NEW YORK — Haruki Murakami was in town last week to hear his words set to music and his praises literally sung.
The 76-year-old Tokyo resident and perennial Nobel Prize candidate received a pair of honors in Manhattan for his long career as a storyteller, translator, critic and essayist. On Tuesday night, the Center for Fiction presented him its Lifetime of Excellence in Fiction Award, previously given to Nobel laureates Toni Morrison and Kazuo Ishiguro among others. Two days later, the Japan Society co-hosted a jazzy tribute at The Town Hall, "Murakami Mixtape," and awarded him its annual prize for "luminous individuals (including Yoko Ono and Caroline Kennedy ) who have brought the U.S. and Japan closer together."
Murakami fans know him for such novels as “Kafka on the Shore” and “The Wind-Up Bird Chronicle,” and for his themes of identity, isolation and memory. But they also pick up on his non-literary passions, from beer and baseball to running and jazz. Praising him requires more work than it does for your average high-achieving writer.
At the Center for Fiction gala, held at the downtown Cipriani 25 Broadway, longtime Murakami admirer Patti Smith introduced the author with the ballad "Wing" and its lofty refrain, "And if there's one thing/I could do for you/You'd be a wing/In heaven blue." She then shared memories of first learning about him, holding up an old copy of his debut novel, "Hear the Wind Sing," and reading its opening sentence: "There's no such thing as perfect writing, just like there's no such thing as perfect despair."
Smith said, “I was hooked, immediately.”
The Town Hall “Mixtape” was a sold-out, bilingual evening of music, readings and reflections, framed by Murakami's opening and closing remarks and presided over by the prize-winning jazz pianist Jason Moran, translator-publisher Motoyuki Shibata and author-scholar Roland Nozomu Kelts. “Murakami Mixtape” was entertainment for the casual fan — author tributes don't often include a makeshift bar on stage — and educational even for the specialist, featuring Murakami works little known to English-language readers.
Kelts (reading in English) and Shibata (reading in Japanese) selected fiction and nonfiction passages for Moran and his accompanists to weave through and around. They read from the surreal “Hard-Boiled Wonderland and the End of the World” and the memoir “What I Talk About When I Talk About Running.” But they also highlighted such rarities as the short story “The 1963/1982 Girl from Ipanema,” in which the narrator shares a drink with the bossa nova muse, and an old essay about New York before Murakami had ever seen it.
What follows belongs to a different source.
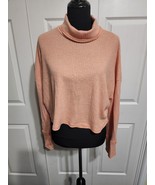 Women&#39;s Long Sleeve Turtleneck Cropped Shirt - Peach Orange -waffle mate... - £8.64 GBP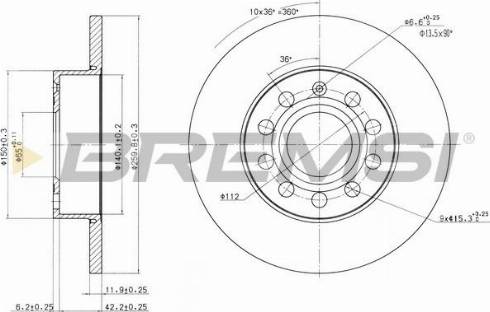 Bremsi CD7276S - Гальмівний диск autozip.com.ua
“Does New York City really exist?” Murakami wondered. “I don’t believe, one hundred percent, the existence of the city. Ninety-nine percent, I would say. In other words, if someone came up to me and said, ‘You know, there’s actually no such thing as New York City,’ I wouldn’t be that surprised.”
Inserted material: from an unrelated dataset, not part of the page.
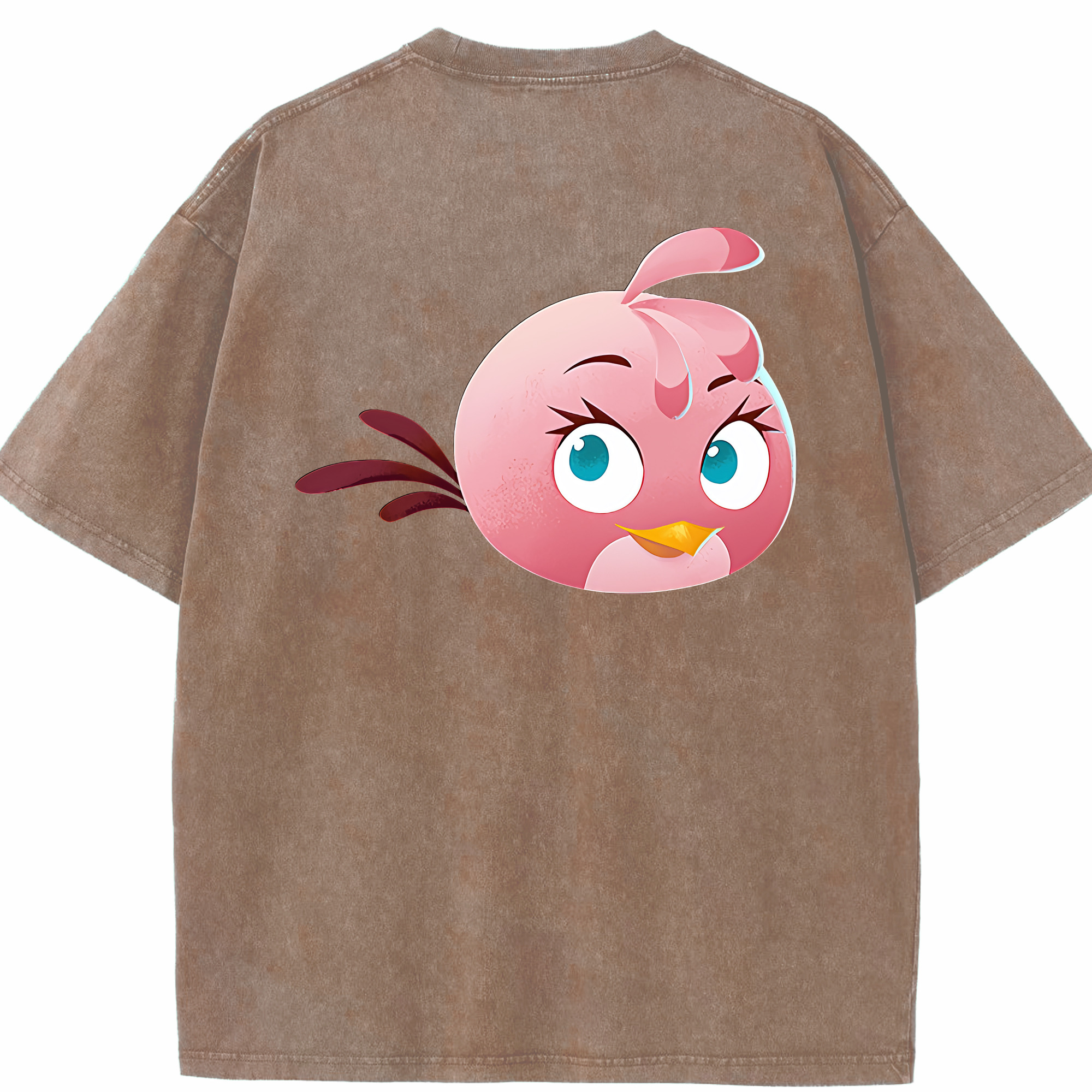 （画像用） Angry Birds アングリーバード 綿100% ヴィンテージ風 半袖Tシャツ（背面プリント）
Kelts remembered asking Murakami about some of his favorite international stops, and how his choices, including Boston and Stockholm, were home to used jazz stores worthy of repeated visits. Murakami's affair with jazz began in his teens, in 1963, when Art Blakey and the Jazz Messengers were on tour in Japan. It was rekindled at The Town Hall when Moran brought out the last surviving member of that band, 88-year-old bassist Reggie Workman, who joined the other musicians for a jam on “Ugetsu” (the title track of a live Blakey album) and capped it with a searching solo.
Murakami appeared briefly at the end to read a portion in Japanese from “Kafka on the Shore,” and explained that he might have been a musician instead of a writer, but he couldn’t bear to rehearse every day. At the start of the evening, Murakami shared some impressions of New York once he did arrive, in 1991. His comments were read in English by Japan Society President & CEO Joshua Walker.
“Back then was the height of Japan bashing,” Murakami said. “You could find events, where, for a dollar, they hand you a hammer and let you take a whack at a Japanese car.”
On Dec. 7, 1991, the 50th anniversary of the Japanese bombing of Pearl Harbor, Murakami was advised to stay at home “just in case there was any trouble.” The author began to feel more welcome after Japan's economy fell into a decades-long slump, the threat to the U.S. apparently diminished. But he continued to feel isolated by his native country's “cultural” deficit.
“You often hear that Japan has no real face, no identity. I almost never came across contemporary Japanese fiction in American bookstores. As a Japanese writer, I couldn’t help but feel a real sense of crisis,” he said.
“And now I see young Japanese writers venturing abroad, earning recognition, their books being picked up by readers as a matter of course, in music, film, anime and more. The advances have been remarkable. Economically, people talk about Japan’s three last decades, but culturally, I think it’s fair to say that Japan’s face has finally emerged.”